“Meaningful behavioral change is very hard to do.”
Marshall Goldsmith, NYT bestselling author of Triggers, Creating Behavior That Lasts

My long-time friend, Marshall, is absolutely right.  Behavioral change is VERY hard.  It’s hard because it takes immense desire, discipline and determination.  You’ve got to really want to change.  You’ve got to work diligently at it.  You have to keep trying when the zest for change has lost its zeal.  The struggle is real.

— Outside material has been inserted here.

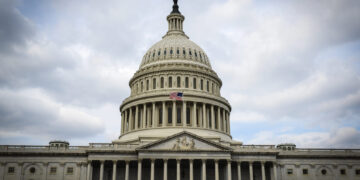 El mercado laboral de EE. UU. tambalea y crece la alarma entre economistas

A client of mine is working on letting go of her attachments to people and past experiences.  She recently told me how hard it’s been changing her behavior – the exhausting pull on her energy, the emotional swings, the weariness of waiting.  To help her get through this difficult period, I sent her a text about the following four stages of behavioral change.  I told her that knowing what to expect won’t lessen the challenges she will face.  But understanding where you are and what lies ahead can help her, and you, get through each stage with a bit more self-compassion and grace.

 

Stage 1: INSPIRED

You’re gung ho and ready to go!  Whether your motivation comes from within or inspired by others, you’re driven and determined to chart a new direction.  Inspiration is essential for igniting change in your life.  But a word of caution – this stage is fueled by emotion.  You’ll feel excited for a few weeks and then your emotional high will peak.  When it does, don’t be alarmed.  It simply means that your energy has grounded and your perspectives have, too.  After several weeks of trying to change your behavior, you realize that it’s not that easy.  You’re more conscious of the fact that you’ve got some serious work to do.  That’s a clear indication that you’re transitioning to stage two.

Stage 2: MIRED

This stage is when you’re grinding it out day after day – attempting to exchange bad habits for better ones.  Some days you’ll make progress, other days you’ll regress.  This stage is like a roller coaster ride.  Don’t worry about success or failure.  At the end of the day, what matters is that you tried.  Like an elite athlete, Stage 2 is all about developing physical strength and endurance.  You must keep going no matter how difficult it is.  The key to transformation is consistent action.

Stage 3: TIRED

This is the toughest stage.  It’s when you’ve been working on behavioral change for a while and you’ve reached the final mile.  You’re feeling enormous fatigue and running out of fuel.  Your goal is within sight but each day is a fight.  This stage is the danger zone.  If you don’t step up your mental game, you’ll give up and quit — sabotaging the seeds you’ve sown.  Rely heavily on positive reinforcements — your steadfast supporters, favorite affirmations, or inspiring music.  Whatever keeps your mind shielded from negative forces.

Stage 4: RE-WIRED

If you maintain your mental game in stage three, getting to Stage 4 is guaranteed.  Stage 4 is when your behaviors have finally changed.  When you reach this stage, you’ll notice something strange.  There’s no fanfare.  You just wake up one day and realize that you’re there.  Through relentless patience and persistence, you’ve won the war of resistance.  There’s no more struggle.  But stay alert…bad habits can quickly resurface if you’re not mindful.

If you want to change your behaviors, make sure it’s for a meaningful goal.  Then you’ll stay focused and committed no matter how taxing it is on your soul.  And don’t forget to proceed at your own pace.  Because it doesn’t matter when you finally change — what matters is that you finish the race.